(design)
(design.Delimiters)
One of the first decisions we encountered was which delimiter syntax to use. We decided to follow Velocity’s {$placeholder} and {#directive} syntax because the former is widely used in other languages for the same purpose, and the latter stands out in an HTML or text document. We also implemented the ${longPlaceholder} syntax like the shells for cases where Cheetah or you might be confused where a placeholder ends. Tavis went ahead and made ${longPlaceholder} and $[longPlaceholder] interchangeable with it since it was trivial to implement. Finally, the {#compiler} directive allows you to change the delimiters if you don’t like them or if they conflict with the text in your document. (Obviously, if your document contains a Perl program listing, you don’t necessarily want to backslash each and every {$} and {#}, do you?)

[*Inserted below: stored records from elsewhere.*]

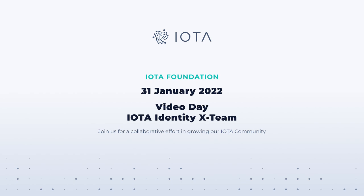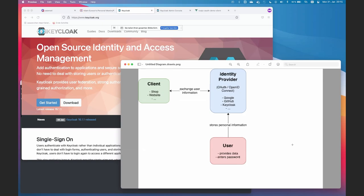Hello, I'm Daniel and I've been playing with IOTA Identity in combination with existing protocols such as OAuth and OpenID Connect, which make up the current state of the internet in terms of authentication and authorization. Most of you have already used that - the classical login with Google, login with Facebook, login with GitHub. Companies also use this for single sign-on through their own authentication systems.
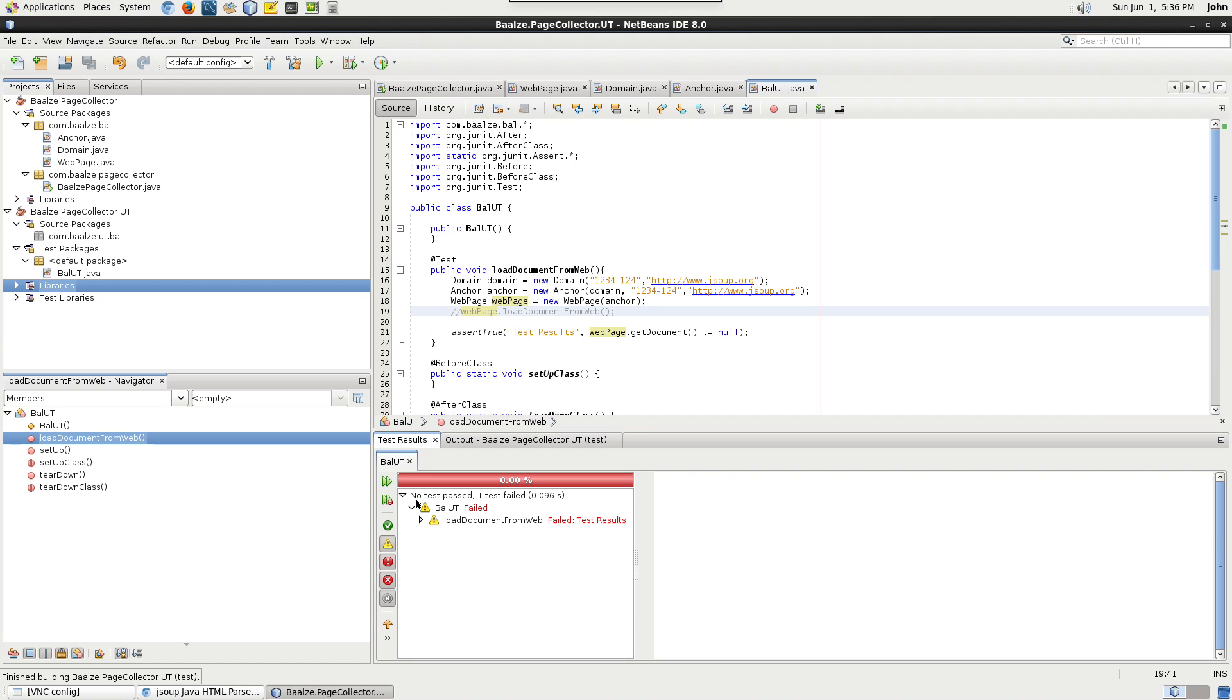In the next episode, we'll refactor our project to separate our business objects from the main web crawler project to its own Java class project. We'll also update our main web crawler project and our unit test project to work with the new class library.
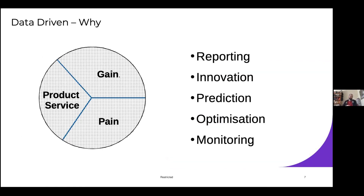Looking at the why - I don't know if many people have used the Strategyzer or business model canvas for trying to get their business plan together. You'd look at it split into gains that you might be able to do or pains that you might be able to remove. Why you use data comes down to what you're trying to do with it - this comes down to reporting. If you're trying to use descriptive statistics, this goes into visualization. You could get the data and process it into some type of visualization, which is helpful to make a case for doing something, for example going through funding.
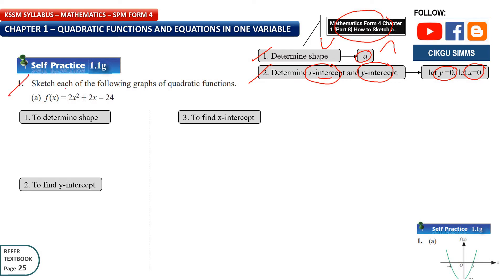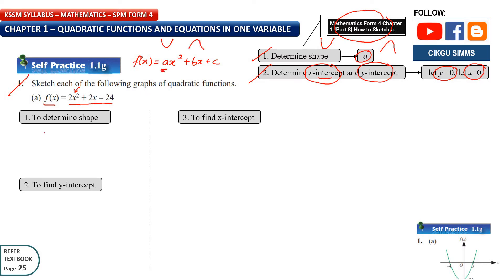First question: sketch each of the following graphs of quadratic functions. The first question is f(x) = 2x² + 2x - 24. First, determine the shape. The general equation is f(x) = ax² + bx + c. You need to look at the value of A. In this case, A is positive 2, which means A is greater than zero. So your shape is a smiley face.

The choice of comment delimiters was more arbitrary. {##} and {#* ... *#} doesn’t match any language, but it’s reminiscent of Python and C while also being consistent with our “{#} is for directives” convention.
We specifically chose { not} to use pseudo HTML tags for placeholders and directives, as described more thoroughly in the Cheetah Users’ Guide introduction. Pseudo HTML tags may be easier to see in a visual editor (supposedly), but in text editors they’re hard to distinguish from “real” HTML tags unless you look closely, and they’re many more keystrokes to type. Also, if you make a mistake, the tag will show up as literal text in the rendered HTML page where it will be easy to notice and eradicate, rather than disappearing as bogus HTML tags do in browsers.
(design.lateBinding)
One of Cheetah’s unique features is the name mapper, which lets you write {$a.b} without worrying much about the type of {a} or {b}. Prior to version 0.9.7, Cheetah did the entire NameMapper lookup at runtime. This provided maximum flexibility at the expense of speed. Doing a NameMapper lookup is intrinsically more expensive than an ordinary Python expression because Cheetah has to decide what type of container {a} is, whether the the value is a function (autocall it), issue the appropriate Python incantation to look up {b} in it, autocall again if necessary, and then convert the result to a string.
To maximize run-time (filling-time) performance, Cheetah 0.9.7 pushed much of this work back into the compiler. The compiler looked up {a} in the searchList at compile time, noted its type, and generated an eval’able Python expression based on that.
This approach had two significant drawbacks. What if {a} later changes type before a template filling? Answer: unpredictable exceptions occur. What if {a} does not exist in the searchList at compile time? Answer: the template can’t compile.
To prevent these catastrophes, users were required to prepopulate the searchList before instantiating the template instance, and then not to change {a}’s type. Static typing is repugnant in a dynamic language like Python, and having to prepopulate the searchList made certain usages impossible. For example, you couldn’t instantiate the template object without a searchList and then set {self} attributes to specify the values.
After significant user complaints about the fragility of this system, Tavis rewrote placeholder handling, and in version 0.9.8a3 (August 2001), Tavis moved the name mapper lookup back into runtime. Performance wasn’t crippled because he discovered that writing a C version of the name mapper was easier than anticipated, and the C version completed the lookup quickly. Now Cheetah had “late binding”, meaning the compiler does not look up {a} or care whether it exists. This allows users to create {a} or change its type anytime before a template filling.
The lesson we learned is that it’s better to decide what you want and then figure out how to do it, rather than assuming that certain goals are unattainable due to performance considerations.